1
votes

I have a question on inverse prediction in Machine Learning/Data Science. Here I give a example to illustrate my question: I have 20 input features X = (x0, x1, ... x19) and 3 output variables Y = (y0, y1, y2). The number of training/test data usually small, such as <1000 items or even <100 in the training set.

In general, by using the machine learning toolbox (such as scikit learn), I can train the models (such as random forest, linear/polynomial regression and neural network) from X --> Y. But what I actually want to know is, for example, how should I set X, so that I can have y1 values in a specific range (for example y1 > 100).

Does anyone know how to solve this kind of "inverse prediction"? There are two ways in my mind:

  1. Train the model in the normal way: X-->Y, then set a dense mesh in the high dimension X space. In this example, it is 20 dimensions. Then use all the point in this mesh as input data and throw them to the trained model. Select all the input points where the predicted y1 > 100. Finally, use some methods, such as clustering to look for some patterns in the selected data points.
  2. Direct learn models from Y to X. Then, set a dense mesh in the high dimension Y space, where let y1 > 100. Then use the trained models to calculate the X data points.

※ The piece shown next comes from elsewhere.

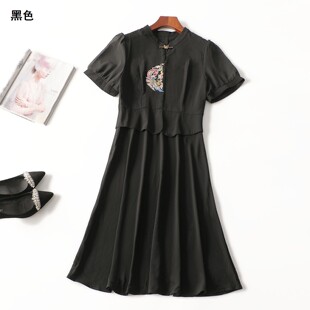 绣花连衣裙 立领短袖 411545 夏加长款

The second method might be OK when the Y also have high dimensions. But usually, in my application, Y is very low-dimension and X is very high-dimension, which makes me think method 2 is not very practical.

Does anyone have any new thoughts? I think this should be somehow very common in industry and maybe some people meet similar situation before.

Thank you!

1
This is generically called an "inverse problem"; a web search will find some resources. In this case, you have F which maps more dimensions m into less dimensions n. If F is differentiable, I'm pretty sure that this implies that sets of dimension m minus n in X map into points of dimension Y. That is, all of those points map in X map to the same point in Y. So any of those points are solutions of your inverse problem. You can look for the point which satisfies some criterion such as a minimum norm criterion. - Robert Dodier
To find a solution, try minimizing (F(X) - Y)^2 + G(X) with respect to X, where Y is your target and G is some criterion applied to X in the equivalence class F(X) = Y, such as the norm of X squared. You can apply a gradient based approach if F is differentiable, such as a neural network. Not sure what the picture looks like if F is non-differentiable such as a decision tree. - Robert Dodier
Hi Rocco, were you able to solve this problem? I am facing a similar problem and would like to know how your approach went. Thanks! - user3451660

1 Answers

0
votes

From what I understand of your needs, #1 is an excellent fit for this problem. I recommend that you use a simple binary classifier SVM to discriminate good/bad X vectors. SVM works well with high-dimensional spaces, and reading out the coefficients is easy in most SVM interfaces.